Must sleep now! My body knows this, but my mind? Not so much...


Friday, February 6, 2009

Details and Updates


You'll all have to excuse me for the next eight weeks or so while I carry on and on about our new baby and life in the NICU. I'm hoping to have some other interesting things to write about from time to time, but for now this is my life so this is what I will blog. Plus, I figure why start writing about interesting things now?

Our "flowerbud" (anyone have any other ideas for a pseudonym?) was born on Wednesday, February 4, which incidentally was the little flower's due date back in 2007 (she of course came 10 weeks earlier). Flowerbud weighed 2 pounds, 13 ounces and was 15 3/4 inches long, great stats for a 27 6/7 weeker.

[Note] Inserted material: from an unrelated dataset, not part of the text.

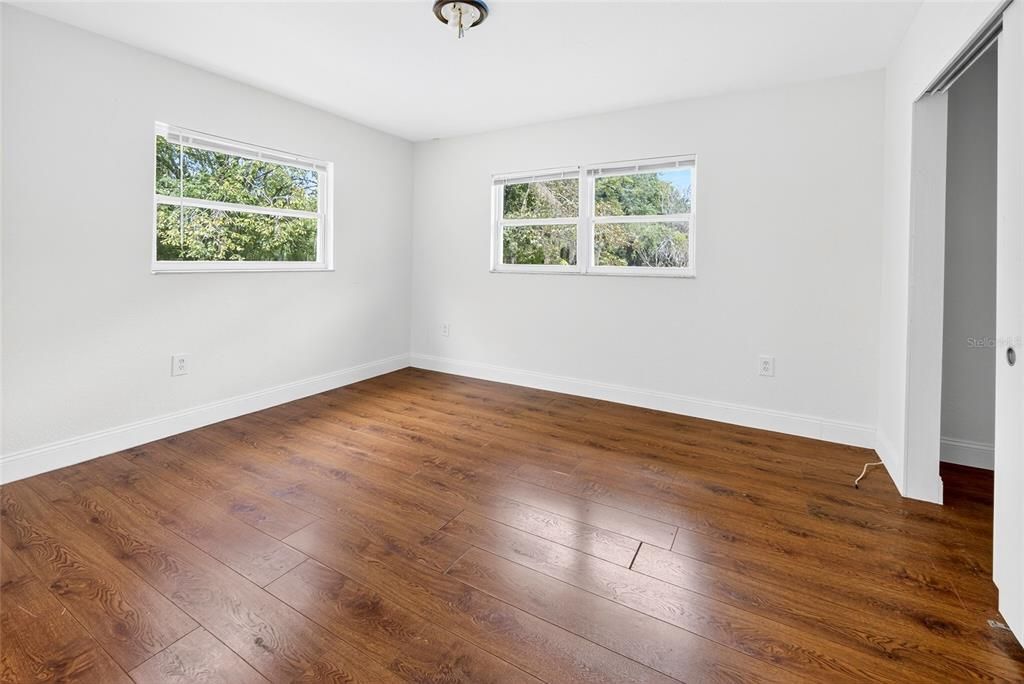 待售: $219,900 (3 贝兹, 2 浴室, 1476 平方英尺)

I felt like I was leaking fluid on Sunday so we went to OB triage. They tested twice for amniotic fluid and both times the test was negative so we were sent home. I continued for the next few days with the same symptoms and felt something wasn't right but I was due to see the perinatologist on Thursday so my thought was to have her check for low fluid in the office then. Wednesday morning I woke up with increasingly painful contractions and as soon as our nanny arrived I had her take me to the hospital. Just in case.

Chris was of course working at a distant site and at first didn't think he would be able to meet me at the hospital. Thankfully, he was able to work something out and made it to the delivery. We're bummed that AGAIN we weren't fully prepared and neglected to bring a camera, so we have no pictures from either of our girls' birth.

I mentioned to the NICU nurse this morning that I was anxious to see Flowerbud's face again. When I went back this afternoon she had taken this picture for me:




Isn't she lovely (sing it like Stevie Wonder)? She looks a lot like her big sister did, but even smaller:





We got to see her today with her CPAP off. She is slowly being weaned to a nasal cannula. She is tolerating my milk via NG tube, something the little flower had trouble with for quite some time. Her hematocrit has stabilized so for now no more blood transfusions. Her bilirubin is slowly coming down. All in all she is doing very well. I was able to change her diaper and take her temperature. My hands were shaking, I could not be gentle enough:



I am home now and I just called the NICU to check on her before we went to bed. Apparently Flowerbud expressed some dissatisfaction with having her CPAP mask back on tonight after having had it off for several hours. The nurse had just checked her blood gases and everything looked good so she called the doctor and he said she could continue with the nasal cannula as long as she remains stable. I'm so happy for her, I hope she is resting quietly and hearing our voices in her dreams.

 

Thursday, February 5, 2009

The little flower...


...is now a big sister!




A little child born yesterday,
a thing on mother's milk and kisses fed.